Look through the data below and extract, unchanged, the lines from the one that contains "Hello and welcome" to the one that contains "Just verify your", both included.

| Data records |
□ □ □ □ □ □ □
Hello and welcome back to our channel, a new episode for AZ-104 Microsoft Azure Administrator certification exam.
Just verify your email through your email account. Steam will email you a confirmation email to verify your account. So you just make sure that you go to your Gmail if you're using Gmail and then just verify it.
□ □ □ □ □ □ □
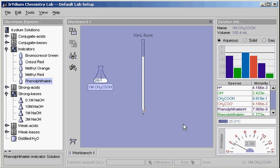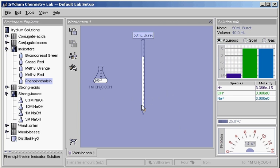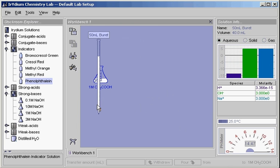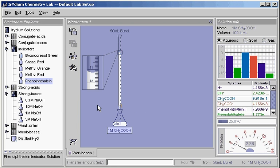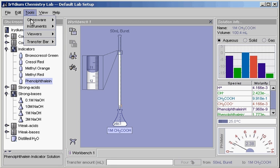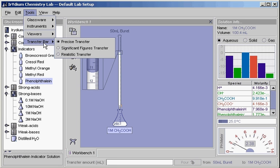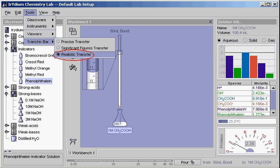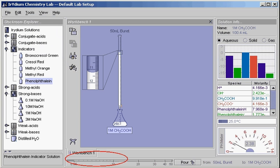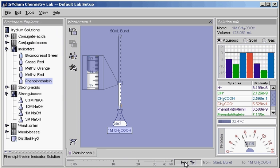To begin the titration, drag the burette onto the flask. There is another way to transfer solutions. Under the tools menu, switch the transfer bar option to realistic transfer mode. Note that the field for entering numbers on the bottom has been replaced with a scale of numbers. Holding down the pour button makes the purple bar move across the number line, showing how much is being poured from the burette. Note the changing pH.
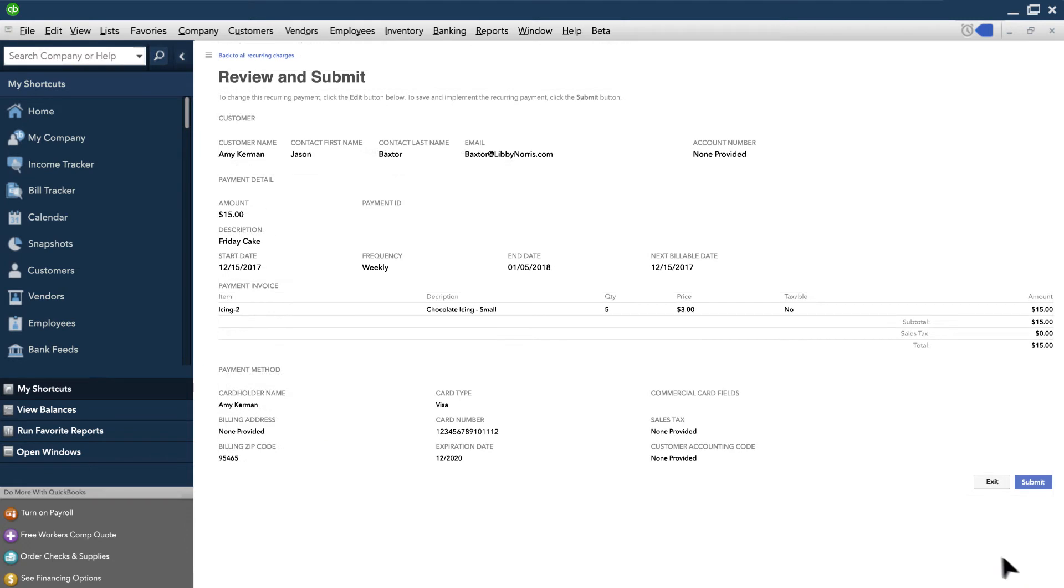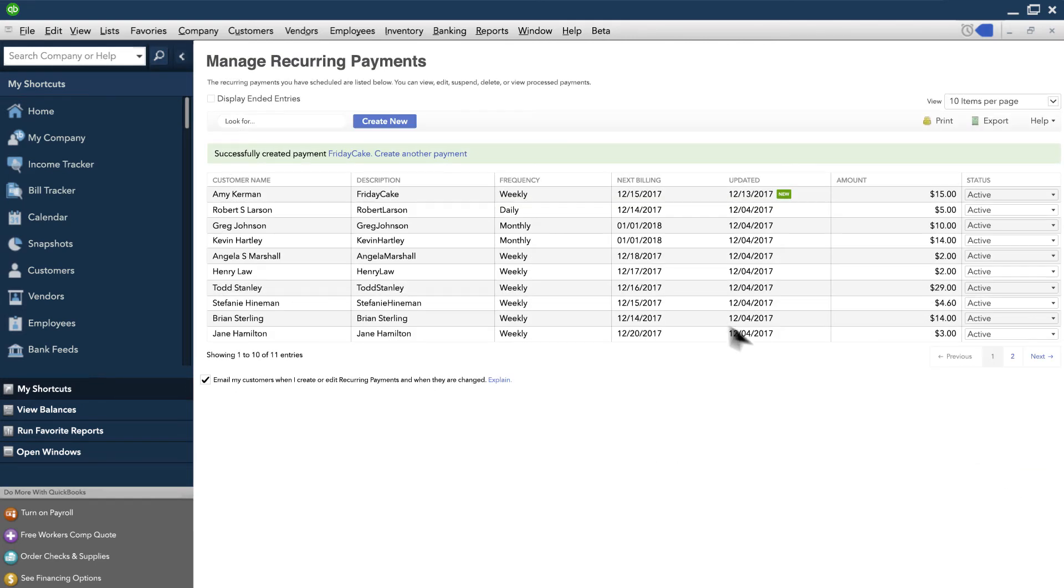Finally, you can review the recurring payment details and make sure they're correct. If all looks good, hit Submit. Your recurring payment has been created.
□ □ □ □ □ □ □
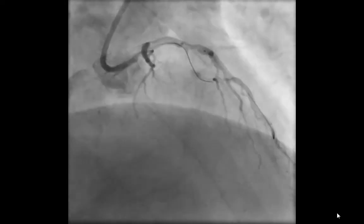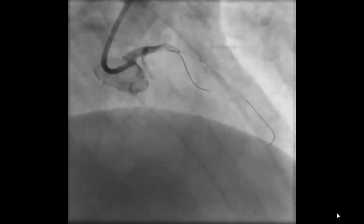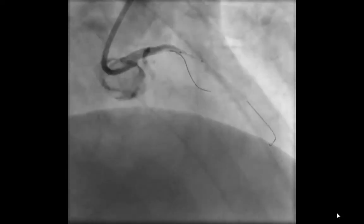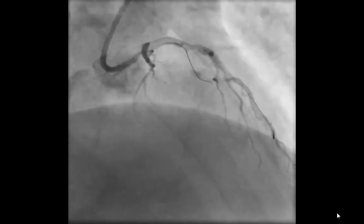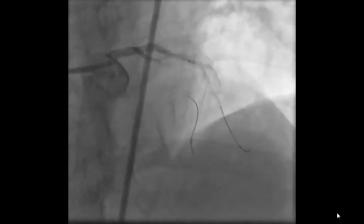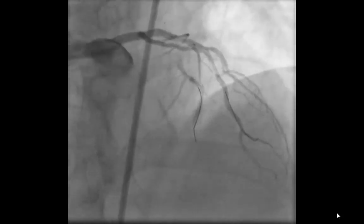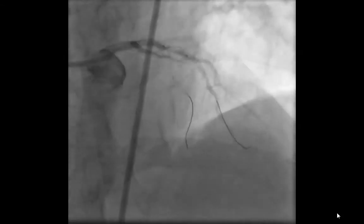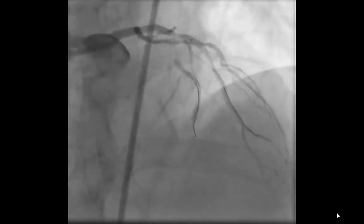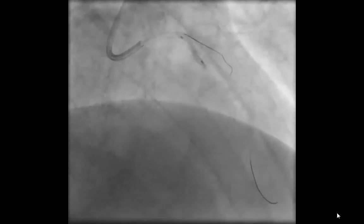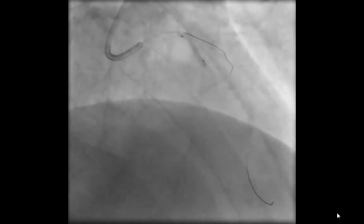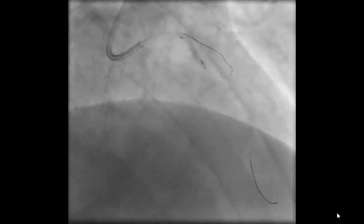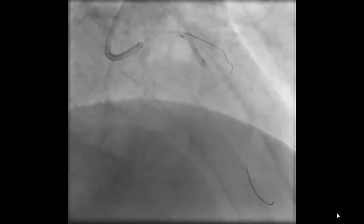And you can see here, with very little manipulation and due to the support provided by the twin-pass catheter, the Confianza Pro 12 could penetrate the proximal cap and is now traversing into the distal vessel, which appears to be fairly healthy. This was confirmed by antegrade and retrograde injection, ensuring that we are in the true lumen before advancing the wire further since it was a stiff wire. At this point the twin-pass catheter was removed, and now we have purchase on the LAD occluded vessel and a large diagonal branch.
□ □ □ □ □ □ □
| Written response |
Hello and welcome back to our channel, a new episode for AZ-104 Microsoft Azure Administrator certification exam.
Just verify your email through your email account. Steam will email you a confirmation email to verify your account. So you just make sure that you go to your Gmail if you're using Gmail and then just verify it.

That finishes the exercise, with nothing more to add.